1.5k views Asked by At

I am using tensorflow 2.

When using the Model.fit() method with a tf.data.Dataset, the argument 'batch_size' is ignored. Thus to train my model on batches, I have to first change my dataset of samples into a dataset of batches of samples by calling tf.data.Dataset.batch(batch_size).

Then, after reading the documentation, I don't understand clearly how the .fit() method will shuffle my dataset at each epoch.

Since my dataset is a dataset of batches, will it shuffle the batches among each other (the batches remain unchanged) ? Or will it shuffle all the samples and then regroup them into new batches (which is the desired behaviour) ?

Thanks a lot for your help.

1

There are 1 answers

2
Lescurel On

The shuffle parameter has no effect on the fit function when using the tf.data.Dataset API.

If we read the documentation (emphasis is mine) :

shuffle: Boolean (whether to shuffle the training data before each epoch) or str (for 'batch'). This argument is ignored when x is a generator. 'batch' is a special option for dealing with the limitations of HDF5 data; it shuffles in batch-sized chunks.

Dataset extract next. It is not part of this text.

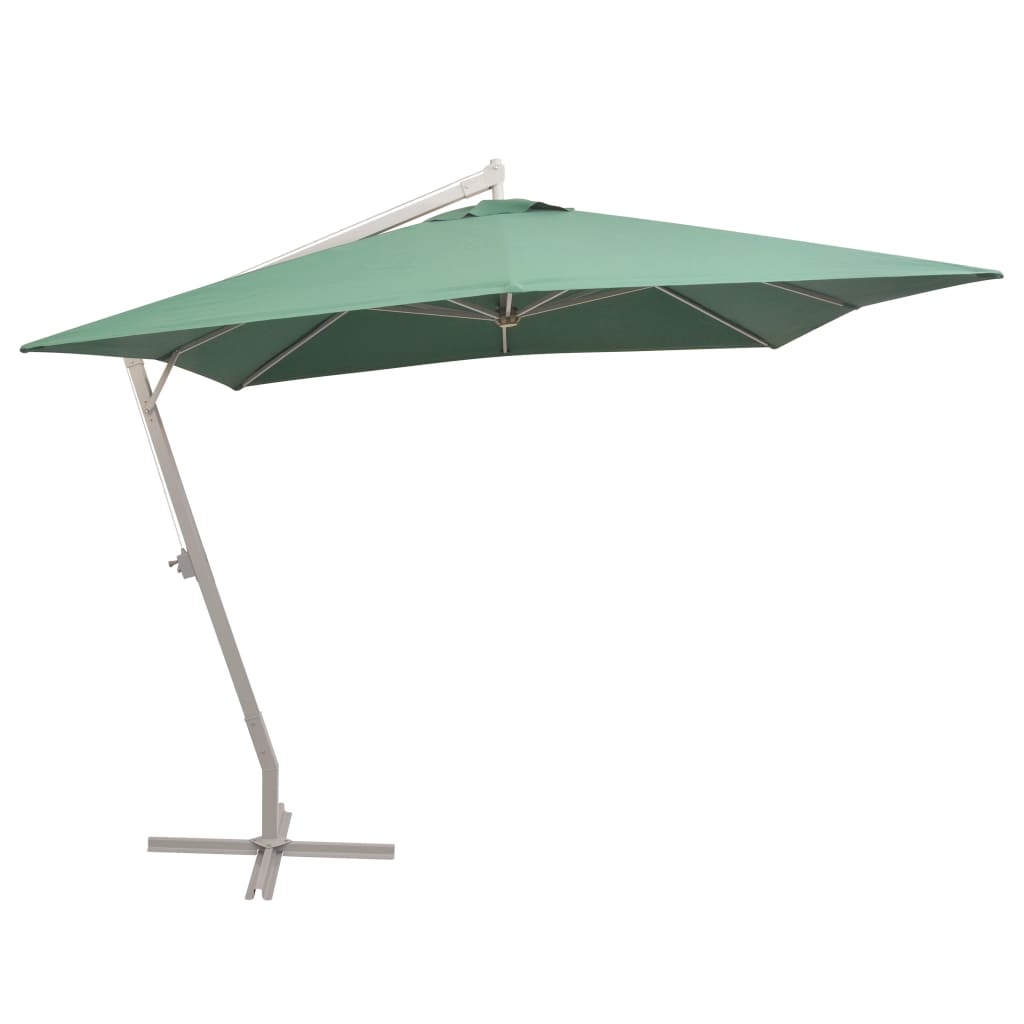 vidaXL Cantilever Parasol 300x300 cm Green Aluminum Pole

Has no effect when steps_per_epoch is not None.

It's not super clear, but we can have a hint that the shuffle argument will be ignored when using a tf.data.Dataset, as it behave like a generator.

To be certain, lets dive in the code. If we look at the code of the fit method, you will see that the data is handled by a special class, DataHandler. Looking at the code of this class, we see that this is an Adapter class to handle different kind of data. We are interrested in the class that handle tf.data.Dataset, DatasetAdapter, and we can see that this class does not take into account the shuffle parameter :

  def __init__(self,
               x,
               y=None,
               sample_weights=None,
               steps=None,
               **kwargs):
    super(DatasetAdapter, self).__init__(x, y, **kwargs)
    # Note that the dataset instance is immutable, its fine to reuse the user
    # provided dataset.
    self._dataset = x

    # The user-provided steps.
    self._user_steps = steps

    self._validate_args(y, sample_weights, steps)

If you want to shuffle your dataset, use the shuffle function from the tf.data.Dataset API.